Thanks again, I've found your package very helpful, and your responsiveness is very much appreciated.

  6. Re: incorrectly receiving reached a...   Reply   Report abuse  
Picture of Manuel Lemos Manuel Lemos - 2009-07-01 21:33:37 - In reply to message 5 from Daniel Kim
Keep in mind this is not the logic made up for the class but rather is the way the mbox format is defined.

Files in mbox format separate messages with a line starting with a From header. That is a fake header meant precisely to split multiple messages.

Messages that have lines starting with the From text are escaped by the programs that generate mbox files.

If you are trying to parse individual messages, then that is not a mbox file. In that case, you should set the mbox variable to 0 .

  7. Re: incorrectly receiving reached a...   Reply   Report abuse  
Picture of Daniel Kim Daniel Kim - 2009-07-01 22:01:03 - In reply to message 6 from Manuel Lemos
Oh, wow, I apologize for my ignorance. I didn't realize mbox was an official format; now that I look it up, I completely understand your logic (you special case ">from", since that is how mbox escapes lines starting with "from").

I'm not quite sure how to proceed; I pipe incoming email messages into a file which I then want to parse, but it is not mbox format and it is not a single email message. I suppose there is another class that I could find that will turn email messages into the mbox format. I am extremely frustrated!

If you have any other suggestions I more than welcome them. Thanks again for all your help.

  8. Re: incorrectly receiving reached a...   Reply   Report abuse  
Picture of Manuel Lemos Manuel Lemos - 2009-07-01 22:44:10 - In reply to message 7 from Daniel Kim
I don't know what kind of system pipes multiple messages to a program at once. Regular mail systems just pipe one message and exit.

In any case, you should figure how to pass messages individually to the parser class.

  9. Re: incorrectly receiving reached a...   Reply   Report abuse  
Picture of Daniel Kim Daniel Kim - 2009-07-01 23:22:26 - In reply to message 8 from Manuel Lemos
I was using procmail/formail, which actually do adhere to the mbox standard. The "From_" header literally involves a newline followed by "From" with a sender email and a timestamp. It escapes lines in the email body that begin with "From" with ">From". I'm sure you're aware of all this.

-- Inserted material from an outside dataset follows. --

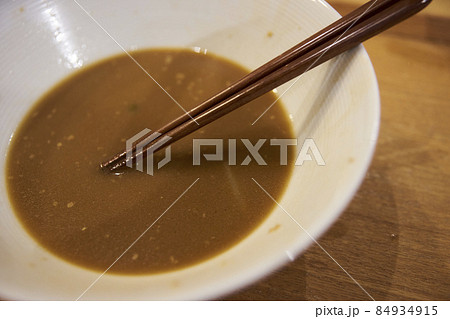 残ったスープ・飲みかけのスープ・器・ラーメン・アップ 84934915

However, though I'm sure it was done with the best intentions, your parser logic lowercases everything, ie.
strtolower(substr(.., strlen($break.'from ')));
strcmp($break.'from ', ..);

which -does- break on "from", "FROM", etc. which would not have been escaped to ">from" or ">FROM" by any standard function that adheres to the mbox format for storing emails.

Thanks again, I apologize for not understanding things fully before commenting. And I do suggest you remove the strtolowers and compare to "From" and ">From"! :)


  10. Re: incorrectly receiving reached a...   Reply   Report abuse  
Picture of Manuel Lemos Manuel Lemos - 2009-07-02 06:06:40 - In reply to message 9 from Daniel Kim
Oh, I see. I just noticed that From fake headers are not case insensitive like others.

I just uploaded a fixed version of the class to deal with that problem. Thank you for reporting.